__ASSIGNMENT__
Going through the material below, output exactly the lines from the one containing "نیشنل گیمز: انعام" through the one containing "OPEL van CANTONALE", and no pictures.

--- AVAILABLE DATA ---

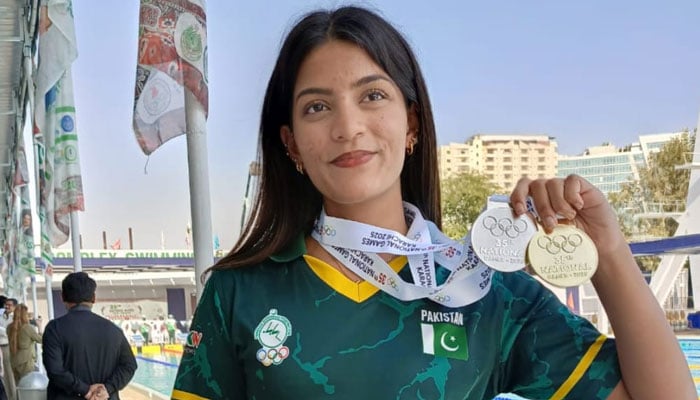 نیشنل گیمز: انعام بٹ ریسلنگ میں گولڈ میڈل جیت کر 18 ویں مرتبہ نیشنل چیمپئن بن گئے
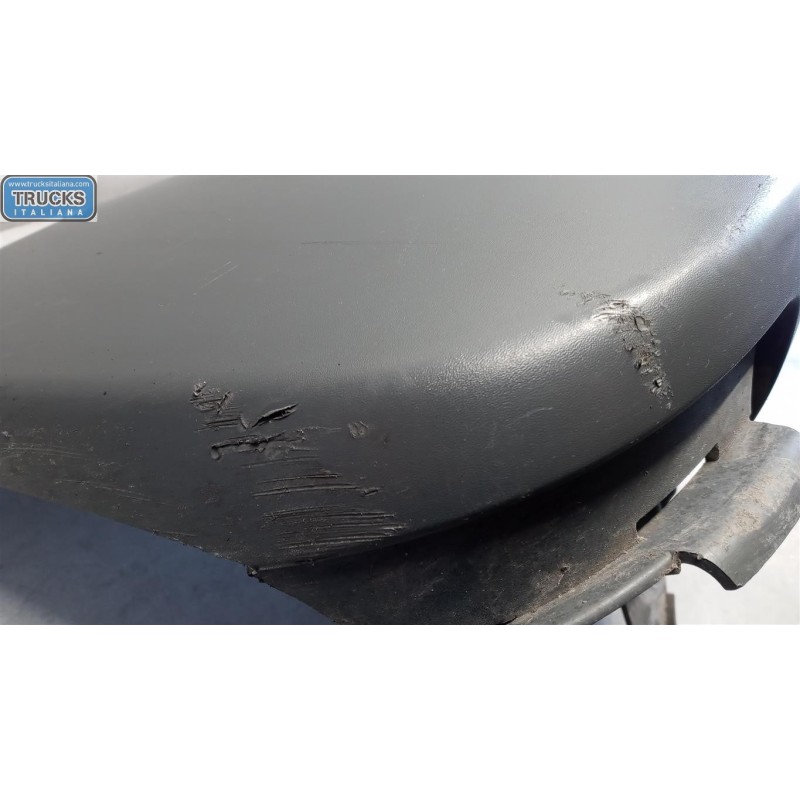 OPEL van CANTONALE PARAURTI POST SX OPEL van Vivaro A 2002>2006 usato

---
--- AVAILABLE DATA ---

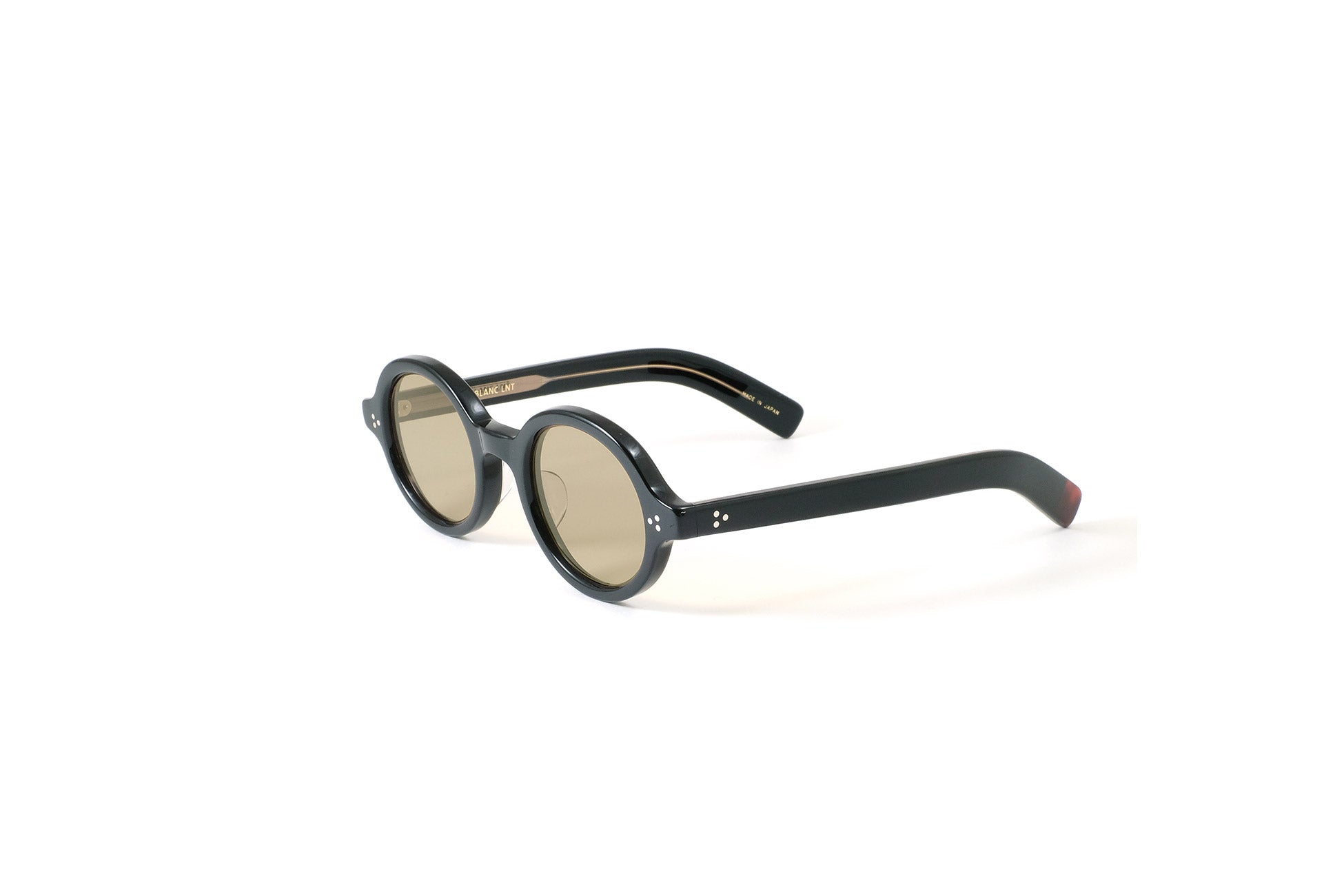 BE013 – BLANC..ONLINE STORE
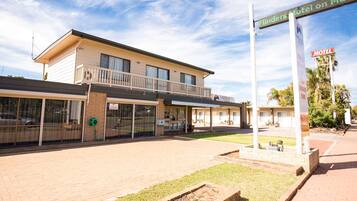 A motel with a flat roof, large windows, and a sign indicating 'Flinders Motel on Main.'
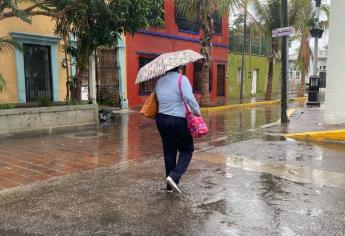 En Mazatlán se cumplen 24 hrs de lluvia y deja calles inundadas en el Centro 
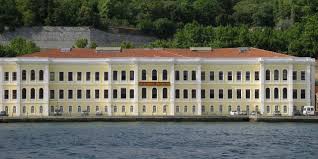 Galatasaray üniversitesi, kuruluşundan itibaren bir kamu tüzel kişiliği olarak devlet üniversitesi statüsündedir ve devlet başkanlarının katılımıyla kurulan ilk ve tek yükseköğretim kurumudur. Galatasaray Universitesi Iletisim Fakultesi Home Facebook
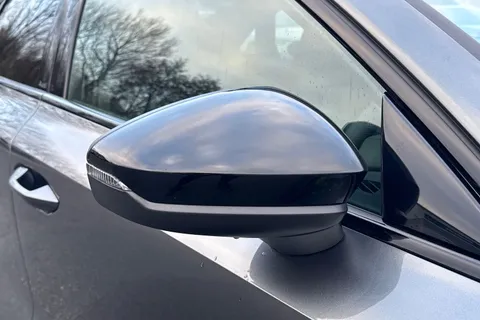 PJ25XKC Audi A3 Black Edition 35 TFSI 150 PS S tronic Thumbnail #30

---

__ANSWER FOR THIS EXERCISE__
 نیشنل گیمز: انعام بٹ ریسلنگ میں گولڈ میڈل جیت کر 18 ویں مرتبہ نیشنل چیمپئن بن گئے
 OPEL van CANTONALE PARAURTI POST SX OPEL van Vivaro A 2002>2006 usato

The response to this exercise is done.